Thus, it would appear that the controversy arising for decision
before the High Court in all the three writ petitions which were
connected with each other was a very limited controversy as to who is
entitled to substitution in place of the original allottee and continue or
remain in possession of the two shops and this controversy was
required to be resolved by reference to the provisions contained in the
Rules for the Grant of Leases of Subzimandi Shops in the Allahabad
District (Nazul shops). These rules are contained in the Government
Order No.2547/XI, dated 16th July, 1940, as amended by Government
Order No. 789-A/XI-77-88, dated 17th February, 1942.
The three writ petitions which appeared to be raising a petty
dispute relating to allotment or right to occupy two small shops took a
serious turn on Smt. Rafiqunnisa, the petitioner in Writ Petition No.

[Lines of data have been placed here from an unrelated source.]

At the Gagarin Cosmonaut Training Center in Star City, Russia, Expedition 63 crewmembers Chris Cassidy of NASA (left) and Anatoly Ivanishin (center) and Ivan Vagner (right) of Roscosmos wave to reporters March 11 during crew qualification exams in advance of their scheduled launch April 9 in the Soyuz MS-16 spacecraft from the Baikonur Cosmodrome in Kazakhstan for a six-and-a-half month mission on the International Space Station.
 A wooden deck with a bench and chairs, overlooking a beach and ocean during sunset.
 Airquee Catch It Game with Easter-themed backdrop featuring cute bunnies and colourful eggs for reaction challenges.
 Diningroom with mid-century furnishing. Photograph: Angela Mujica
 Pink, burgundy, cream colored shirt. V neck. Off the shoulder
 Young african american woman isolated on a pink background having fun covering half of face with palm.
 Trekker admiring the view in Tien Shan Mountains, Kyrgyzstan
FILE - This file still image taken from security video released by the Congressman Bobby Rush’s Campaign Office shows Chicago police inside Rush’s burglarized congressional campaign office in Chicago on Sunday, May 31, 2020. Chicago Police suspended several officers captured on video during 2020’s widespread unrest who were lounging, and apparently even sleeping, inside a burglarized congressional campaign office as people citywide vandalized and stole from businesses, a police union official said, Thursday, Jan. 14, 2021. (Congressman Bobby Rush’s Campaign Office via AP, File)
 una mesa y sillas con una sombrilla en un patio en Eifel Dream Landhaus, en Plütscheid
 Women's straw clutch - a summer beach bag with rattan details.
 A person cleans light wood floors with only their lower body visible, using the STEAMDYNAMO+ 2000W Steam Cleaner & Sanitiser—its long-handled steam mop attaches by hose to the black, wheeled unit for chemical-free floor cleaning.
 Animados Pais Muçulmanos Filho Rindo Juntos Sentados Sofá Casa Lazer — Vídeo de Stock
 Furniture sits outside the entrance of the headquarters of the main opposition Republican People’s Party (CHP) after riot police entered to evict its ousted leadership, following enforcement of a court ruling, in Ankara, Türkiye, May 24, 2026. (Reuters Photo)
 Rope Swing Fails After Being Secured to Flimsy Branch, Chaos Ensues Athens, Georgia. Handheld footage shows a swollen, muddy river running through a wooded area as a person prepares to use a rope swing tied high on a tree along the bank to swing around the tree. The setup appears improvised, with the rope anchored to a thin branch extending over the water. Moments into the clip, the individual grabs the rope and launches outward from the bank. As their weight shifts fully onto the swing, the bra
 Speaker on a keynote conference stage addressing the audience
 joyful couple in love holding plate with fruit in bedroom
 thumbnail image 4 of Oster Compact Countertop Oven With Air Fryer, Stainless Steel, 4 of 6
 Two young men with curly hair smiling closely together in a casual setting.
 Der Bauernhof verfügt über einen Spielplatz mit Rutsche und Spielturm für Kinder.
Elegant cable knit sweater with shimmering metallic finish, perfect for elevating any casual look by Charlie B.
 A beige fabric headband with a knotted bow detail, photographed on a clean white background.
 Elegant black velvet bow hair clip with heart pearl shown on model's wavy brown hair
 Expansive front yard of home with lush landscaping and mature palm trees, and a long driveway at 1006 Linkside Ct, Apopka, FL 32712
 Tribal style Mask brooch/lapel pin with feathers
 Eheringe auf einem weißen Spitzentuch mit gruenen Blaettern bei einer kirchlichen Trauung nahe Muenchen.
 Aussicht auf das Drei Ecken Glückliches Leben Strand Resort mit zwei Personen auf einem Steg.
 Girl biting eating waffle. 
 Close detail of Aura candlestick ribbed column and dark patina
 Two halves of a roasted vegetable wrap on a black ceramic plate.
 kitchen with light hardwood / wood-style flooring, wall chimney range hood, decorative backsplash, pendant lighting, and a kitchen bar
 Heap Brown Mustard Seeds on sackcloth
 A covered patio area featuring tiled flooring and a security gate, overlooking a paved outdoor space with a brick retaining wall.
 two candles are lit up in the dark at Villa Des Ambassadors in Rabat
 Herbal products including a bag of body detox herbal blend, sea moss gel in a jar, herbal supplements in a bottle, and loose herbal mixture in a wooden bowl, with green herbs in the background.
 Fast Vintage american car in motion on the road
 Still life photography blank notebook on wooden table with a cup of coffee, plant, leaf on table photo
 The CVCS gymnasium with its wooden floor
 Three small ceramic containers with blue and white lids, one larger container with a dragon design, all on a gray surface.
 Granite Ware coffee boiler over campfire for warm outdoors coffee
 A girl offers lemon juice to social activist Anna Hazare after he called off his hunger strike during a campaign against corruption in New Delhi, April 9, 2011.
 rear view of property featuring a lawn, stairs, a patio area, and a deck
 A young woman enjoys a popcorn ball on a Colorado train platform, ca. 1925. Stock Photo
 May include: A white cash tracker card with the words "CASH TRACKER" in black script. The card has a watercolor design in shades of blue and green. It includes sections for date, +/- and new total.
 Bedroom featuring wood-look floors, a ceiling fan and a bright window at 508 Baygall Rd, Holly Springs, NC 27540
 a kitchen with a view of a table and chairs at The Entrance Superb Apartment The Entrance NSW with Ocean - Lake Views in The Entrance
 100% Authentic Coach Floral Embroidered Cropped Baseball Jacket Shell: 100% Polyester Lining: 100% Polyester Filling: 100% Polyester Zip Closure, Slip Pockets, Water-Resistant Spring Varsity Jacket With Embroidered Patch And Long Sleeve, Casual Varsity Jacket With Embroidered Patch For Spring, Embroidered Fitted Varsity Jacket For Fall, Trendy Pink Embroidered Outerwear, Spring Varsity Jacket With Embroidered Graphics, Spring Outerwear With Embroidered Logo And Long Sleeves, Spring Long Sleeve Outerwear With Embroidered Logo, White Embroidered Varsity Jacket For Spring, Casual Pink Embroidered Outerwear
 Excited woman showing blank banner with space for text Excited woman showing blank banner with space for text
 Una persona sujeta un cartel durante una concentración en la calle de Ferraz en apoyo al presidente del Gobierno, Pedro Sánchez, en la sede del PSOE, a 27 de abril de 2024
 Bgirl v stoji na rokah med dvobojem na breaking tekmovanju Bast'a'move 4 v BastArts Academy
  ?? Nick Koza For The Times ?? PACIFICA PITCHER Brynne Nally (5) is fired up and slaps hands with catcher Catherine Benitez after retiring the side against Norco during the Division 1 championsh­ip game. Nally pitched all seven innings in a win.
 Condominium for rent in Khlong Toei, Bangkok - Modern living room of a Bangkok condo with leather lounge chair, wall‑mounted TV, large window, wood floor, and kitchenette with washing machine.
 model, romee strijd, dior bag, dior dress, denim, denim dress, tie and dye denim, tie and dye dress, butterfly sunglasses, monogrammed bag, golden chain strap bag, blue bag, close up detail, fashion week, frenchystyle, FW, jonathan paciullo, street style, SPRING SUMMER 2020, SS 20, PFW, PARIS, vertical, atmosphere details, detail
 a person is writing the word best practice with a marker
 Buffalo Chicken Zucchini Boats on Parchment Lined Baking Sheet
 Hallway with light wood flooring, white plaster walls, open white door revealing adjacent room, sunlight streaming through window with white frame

20430 of 1992, moving an application for withdrawal of her petition
having been rendered infructuous. It was pointed out that while the
three writ petitions were pending, on application of Smt. Rafiqunnisa
to the Joint Secretary, State of U.P., the latter had agreed for
converting nazul shop Nos. 195 and 196 as freehold and then being
entered in her name. Communications to this effect were made by the
Joint Secretary on 14.10.1996 followed by subsequent letters by other
officials. The other two writ petitioners namely Satya Narain Kapoor
and Mohammad Ali opposed the prayer made by Smt. Rafiqunnisa
and then the centre of controversy shifted to elsewhere. Ever since
before Smt. Rafiqunnisa moved the application based on subsequent
event dated 14.10.1996 the stand of the State of U.P. as taken in its
counter affidavits in all the three writ petitions was that they were
liable to be dismissed as none of the writ petitioners had the status of
an eligible person to claim allotment under the Rules and the learned
Chief Standing Counsel appearing for the State of U.P. continued to
take the same stand till the end.
It appears that during the course of hearing the Division Bench,
seized of the hearing of the writ petitions, thought that there was an
element of public interest involved inasmuch as the property of the
State known as nazul land was being loitered away by converting the
allotments into freehold much to the prejudice of the interest of the
State. The Division Bench took note of the fact that Satya Narain
Kapoor and Mohammad Ali, the two writ petitioners in their
respective writ petitions, had started staking claim for the grant of
freehold rights claiming parity with Rafiqunnisa. The shift of
emphasis in the controversy is reflected in the judgment of the High
Court from the following passage which follows soon after factual
narration of the controversy between the private parties:
"The narration of the facts as above shows that the
case on the both sides have seen changes during
the pendency of these petitions. The cases
originally raised issues on who is the rightful
person to receive an allotment of the nazul shops
under the Nazul Shops Rules. The cases have
closed at the close of arguments with the note that
some have been granted ’freehold’ rights and some
have been left out including two of the petitioners,
who now contend that they are also entitled to
’freehold’ rights like the others. Those who have
not received the ’freehold’ rights on nazul
properties in the present set of cases are Satya
Narain Kapoor (Writ Petition No. 32605 of 1991)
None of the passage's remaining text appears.